■ **Assignment**: Repeat every entry word for word. Images do not belong in the copy.

■ **Source data**:
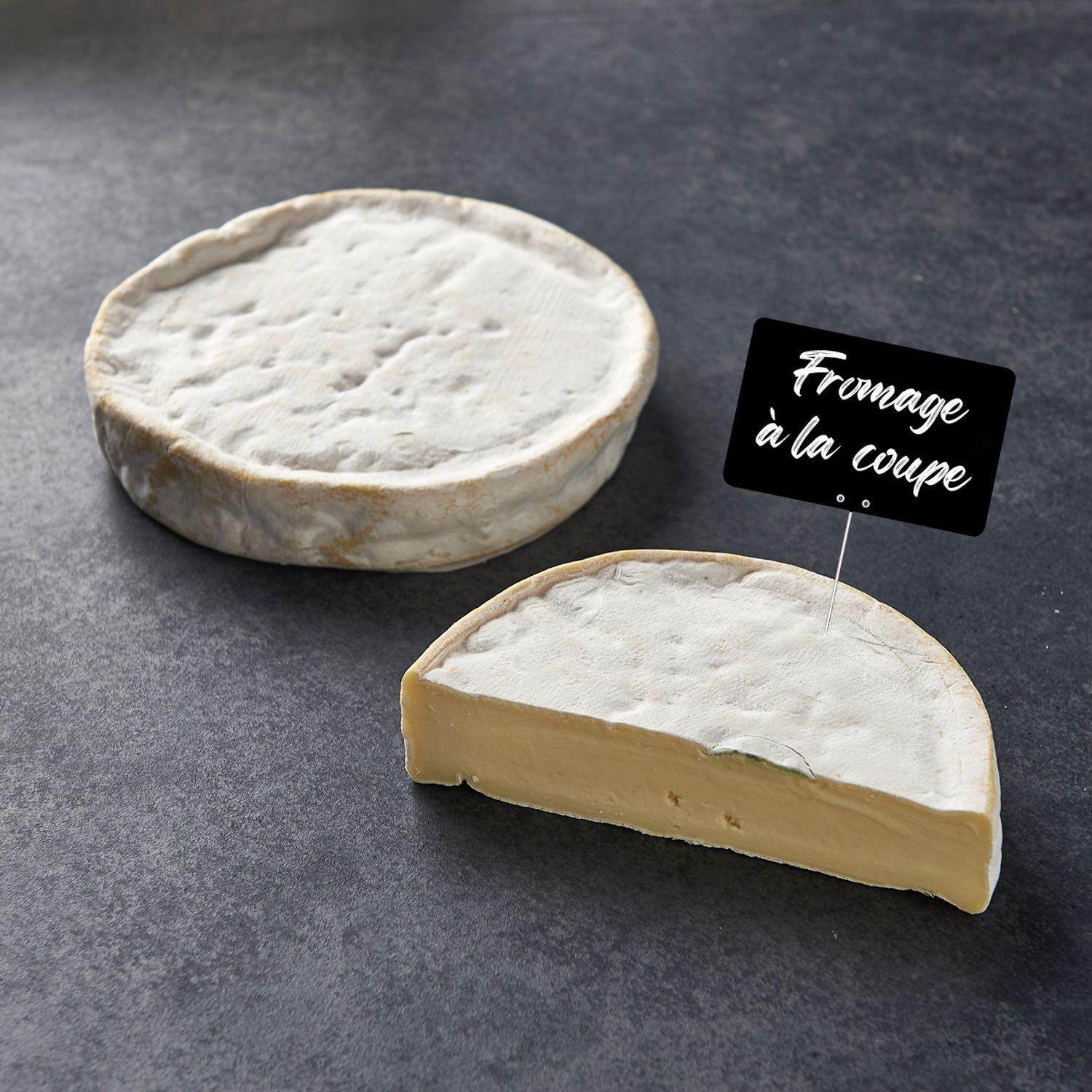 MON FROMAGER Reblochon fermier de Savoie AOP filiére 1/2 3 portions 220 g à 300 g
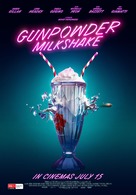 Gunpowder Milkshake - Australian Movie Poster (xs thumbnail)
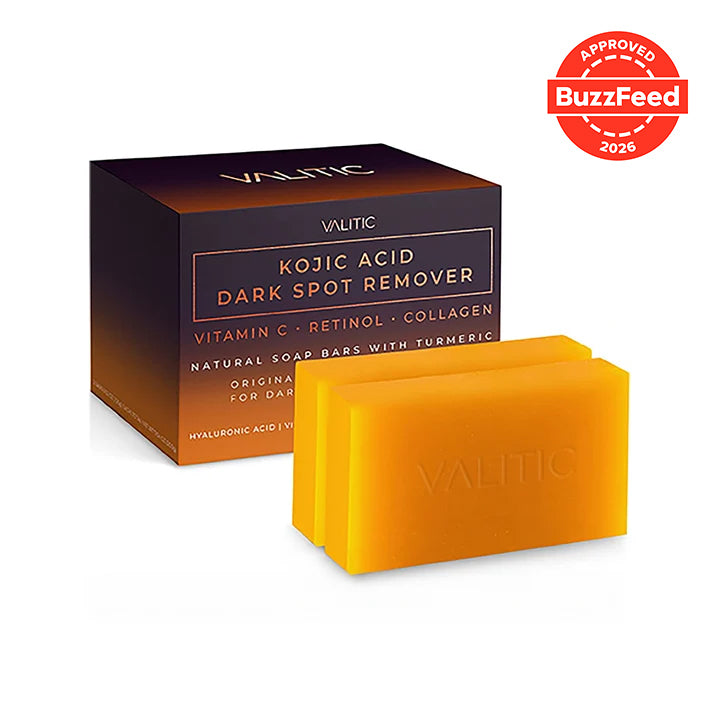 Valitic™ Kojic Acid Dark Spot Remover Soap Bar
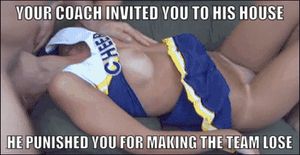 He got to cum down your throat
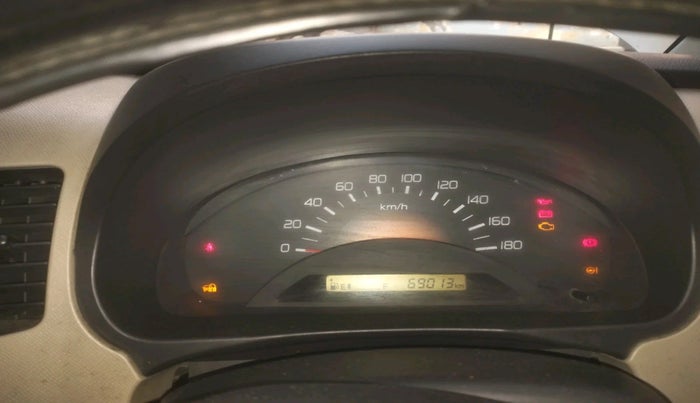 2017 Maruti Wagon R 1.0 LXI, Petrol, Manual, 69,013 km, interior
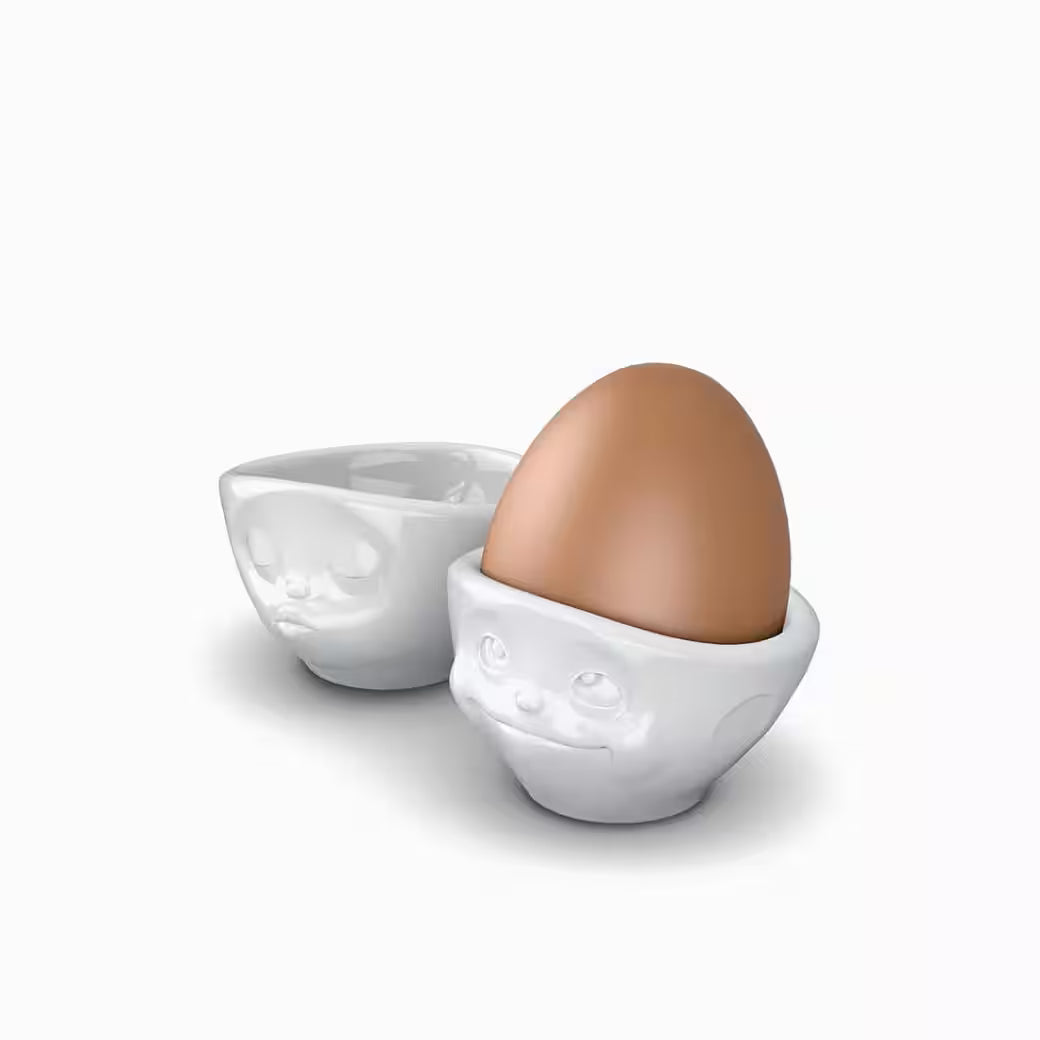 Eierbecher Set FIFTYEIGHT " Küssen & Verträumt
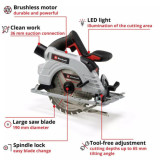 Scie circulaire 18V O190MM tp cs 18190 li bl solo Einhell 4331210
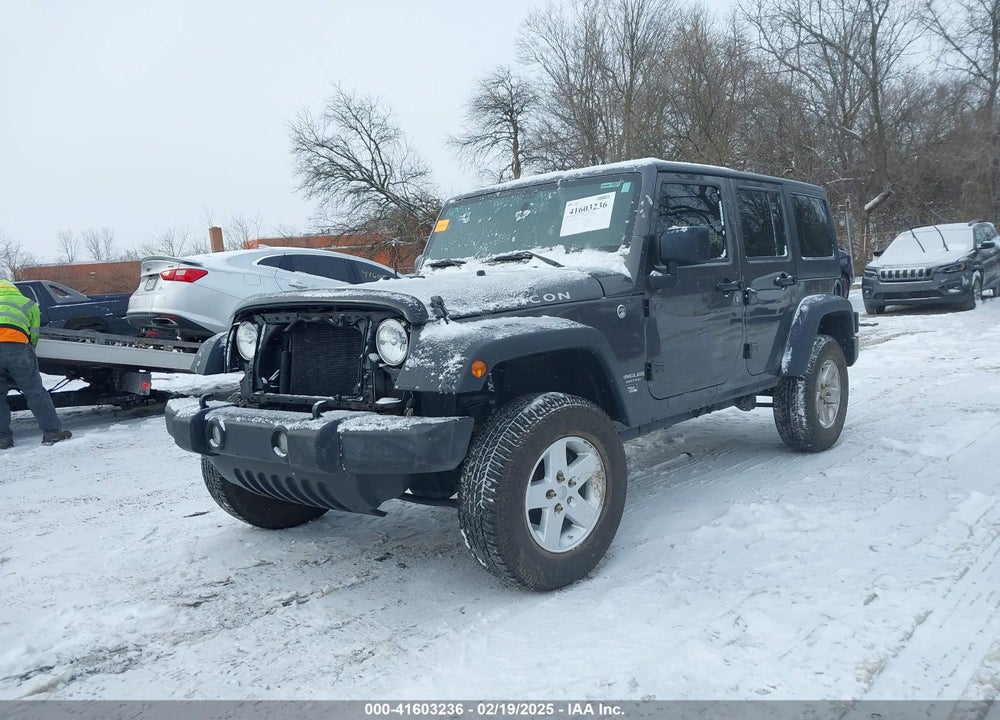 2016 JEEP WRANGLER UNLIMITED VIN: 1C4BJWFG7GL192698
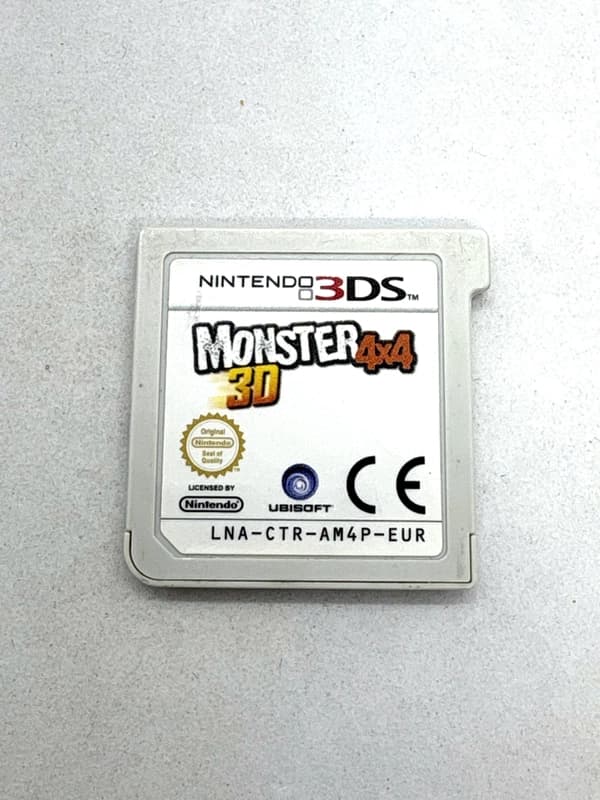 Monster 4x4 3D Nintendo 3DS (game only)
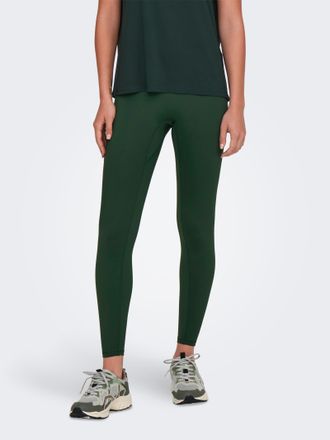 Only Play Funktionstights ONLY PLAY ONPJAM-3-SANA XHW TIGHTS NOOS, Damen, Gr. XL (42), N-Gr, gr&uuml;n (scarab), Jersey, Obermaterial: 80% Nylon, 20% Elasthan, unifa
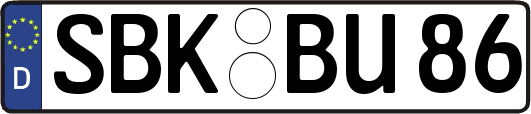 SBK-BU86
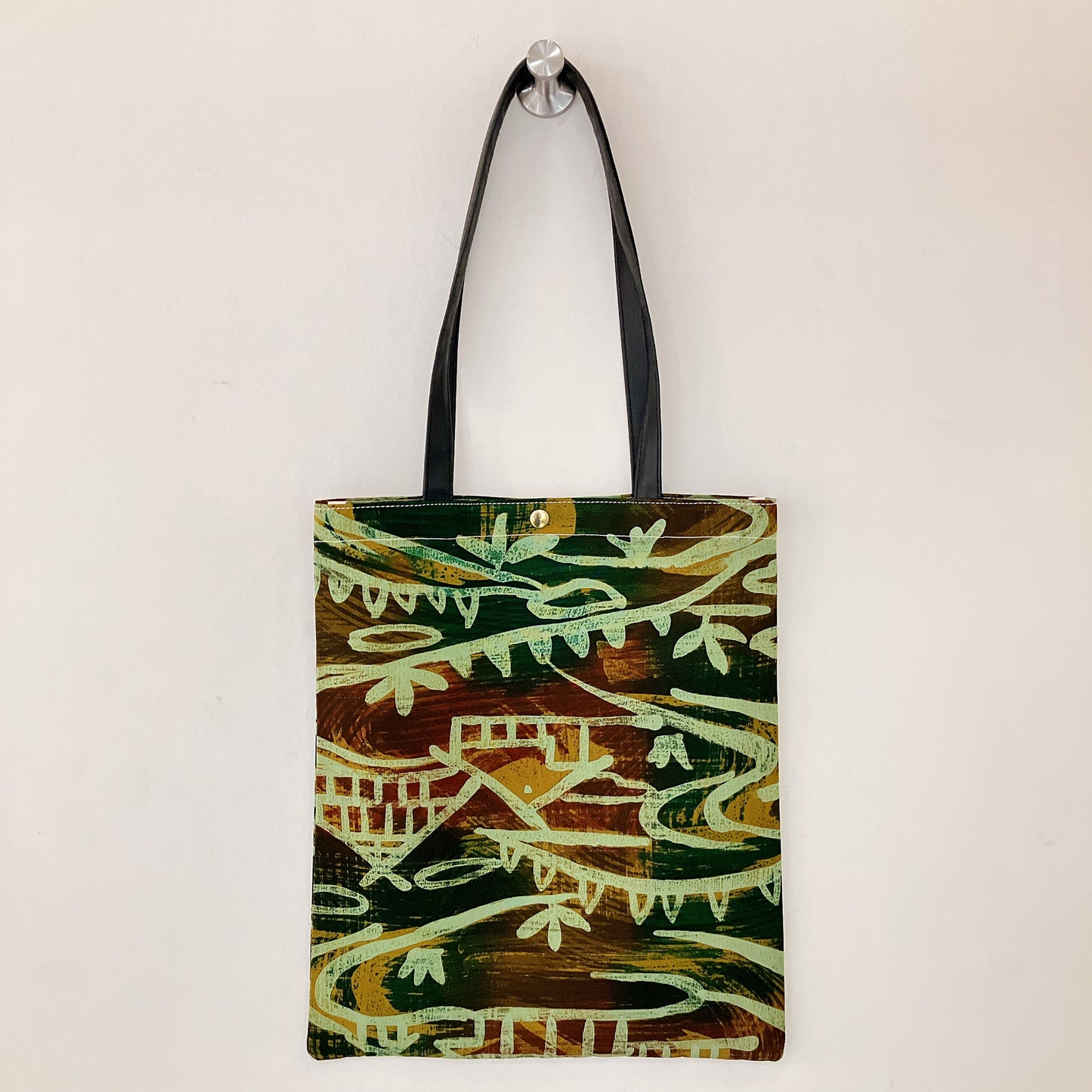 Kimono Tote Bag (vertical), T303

■ **Expected output**:
 MON FROMAGER Reblochon fermier de Savoie AOP filiére 1/2 3 portions 220 g à 300 g
 Gunpowder Milkshake - Australian Movie Poster (xs thumbnail)
 Valitic™ Kojic Acid Dark Spot Remover Soap Bar
 He got to cum down your throat
 2017 Maruti Wagon R 1.0 LXI, Petrol, Manual, 69,013 km, interior
 Eierbecher Set FIFTYEIGHT " Küssen & Verträumt
 Scie circulaire 18V O190MM tp cs 18190 li bl solo Einhell 4331210
 2016 JEEP WRANGLER UNLIMITED VIN: 1C4BJWFG7GL192698
 Monster 4x4 3D Nintendo 3DS (game only)
 Only Play Funktionstights ONLY PLAY ONPJAM-3-SANA XHW TIGHTS NOOS, Damen, Gr. XL (42), N-Gr, gr&uuml;n (scarab), Jersey, Obermaterial: 80% Nylon, 20% Elasthan, unifa
 SBK-BU86
 Kimono Tote Bag (vertical), T303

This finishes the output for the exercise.